*** Dataset records Section Begins ***
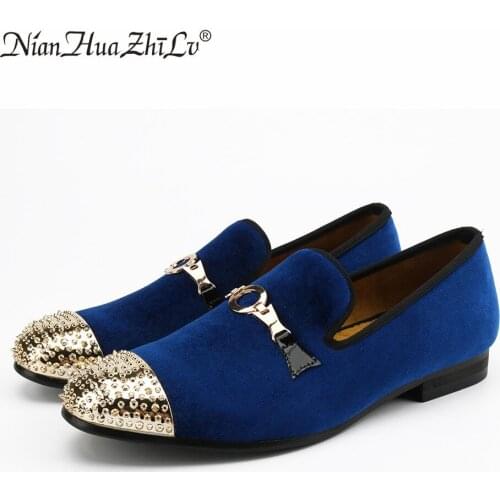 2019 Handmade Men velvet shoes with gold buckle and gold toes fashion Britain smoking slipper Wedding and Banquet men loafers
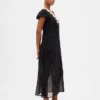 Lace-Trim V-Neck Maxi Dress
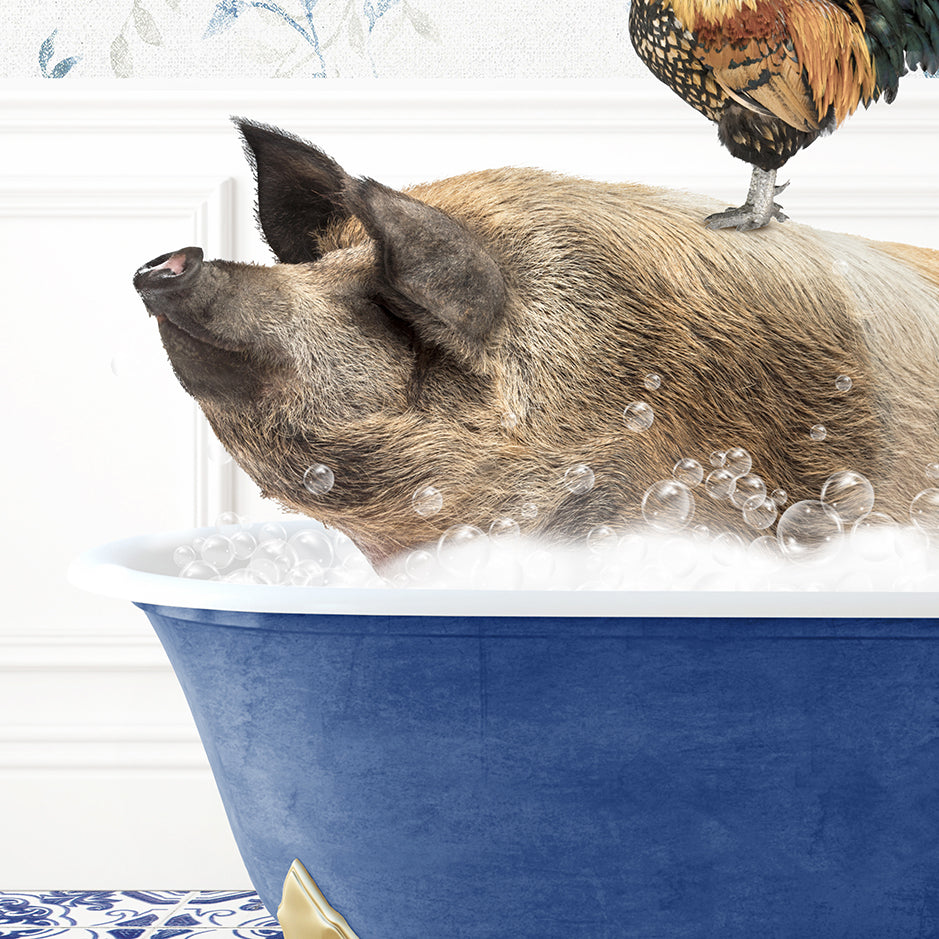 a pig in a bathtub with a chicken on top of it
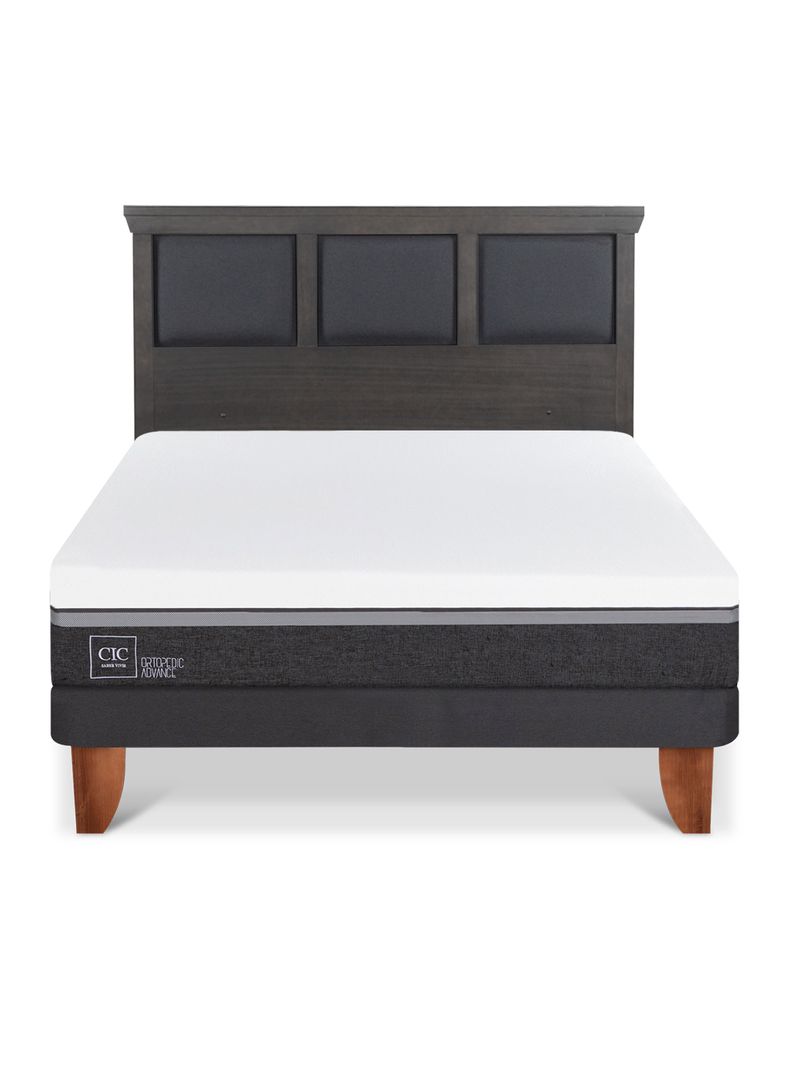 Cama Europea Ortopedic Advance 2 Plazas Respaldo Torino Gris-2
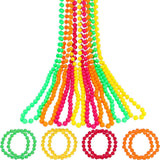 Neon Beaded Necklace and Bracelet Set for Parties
*** Dataset records Section Ends ***
*** Dataset records Section Begins ***
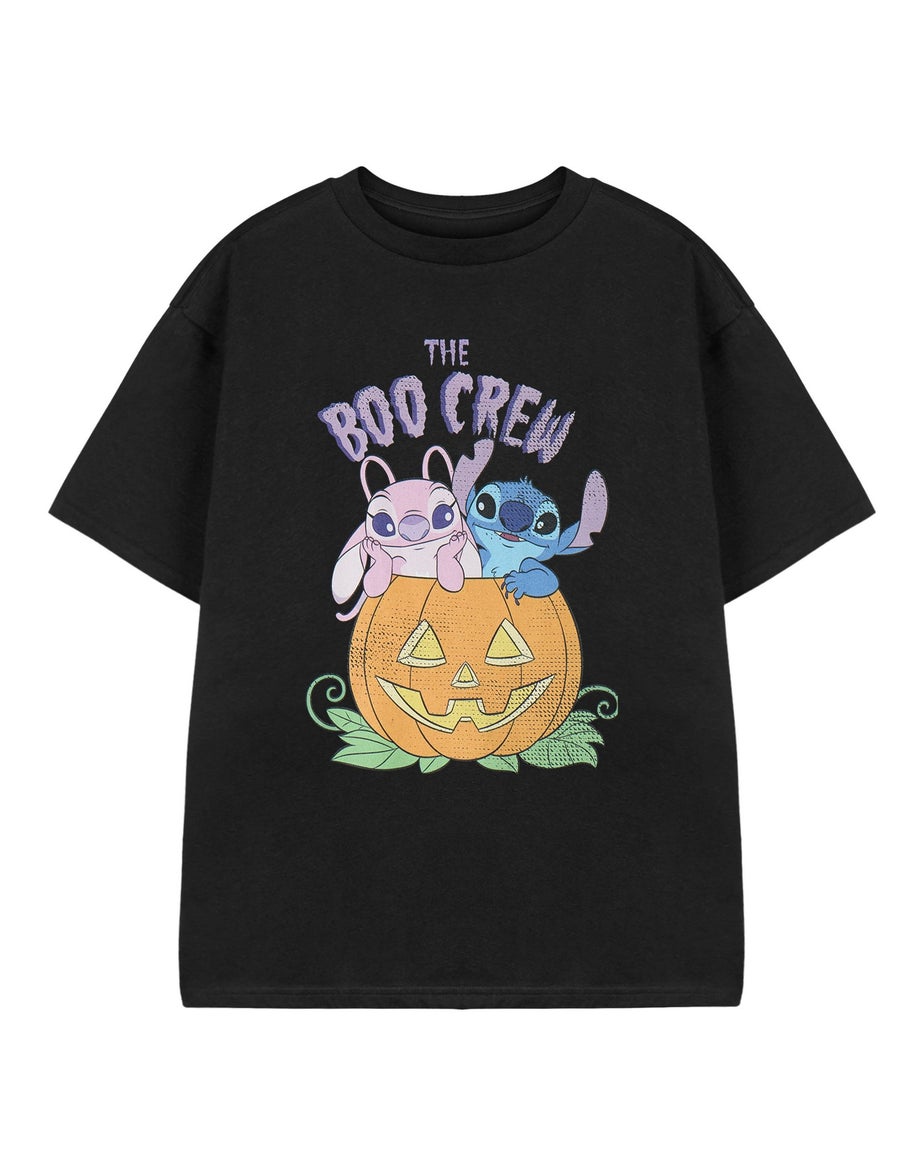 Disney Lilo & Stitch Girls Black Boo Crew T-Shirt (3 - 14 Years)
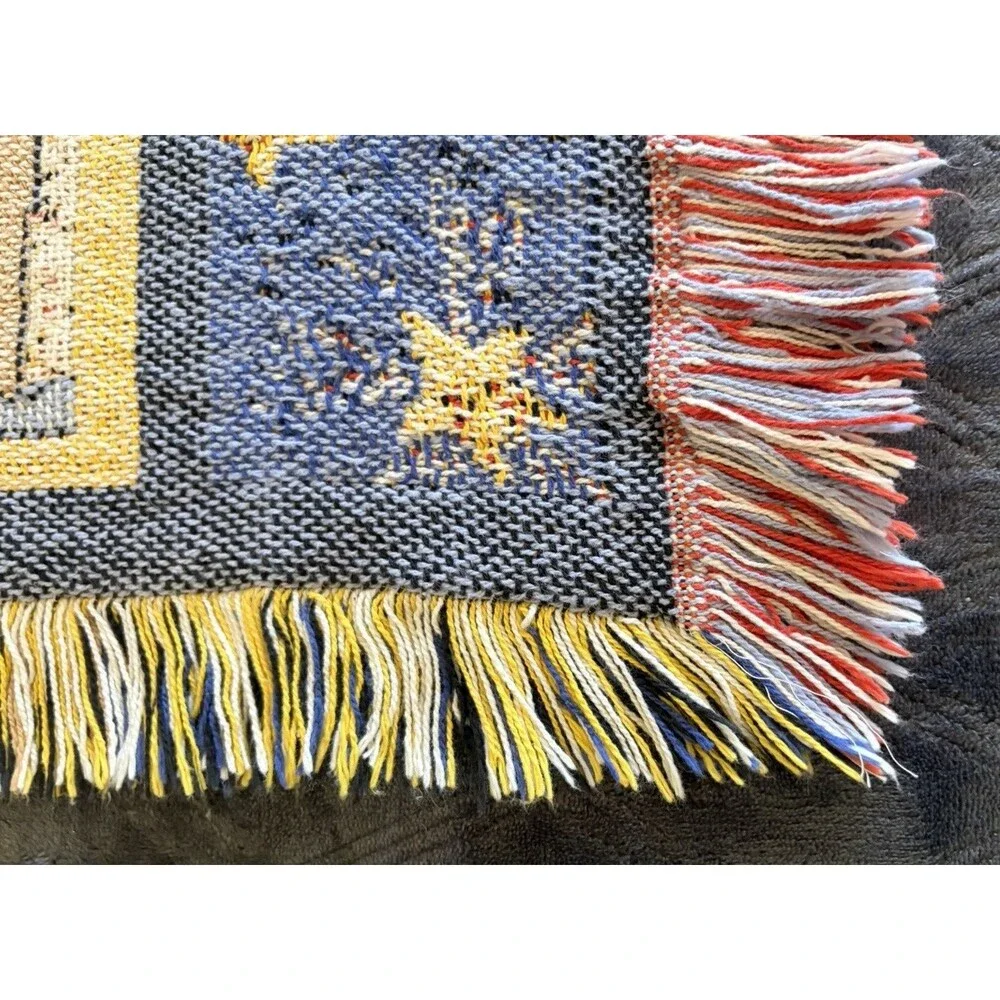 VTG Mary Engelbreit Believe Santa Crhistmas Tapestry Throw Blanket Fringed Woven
*** Dataset records Section Ends ***
Using the entries above, transcribe exactly from the line that has "2019 Handmade Men" through the line that has "Neon Beaded Necklace". Pictures are dropped.

 2019 Handmade Men velvet shoes with gold buckle and gold toes fashion Britain smoking slipper Wedding and Banquet men loafers
 Lace-Trim V-Neck Maxi Dress
 a pig in a bathtub with a chicken on top of it
 Cama Europea Ortopedic Advance 2 Plazas Respaldo Torino Gris-2
 Neon Beaded Necklace and Bracelet Set for Parties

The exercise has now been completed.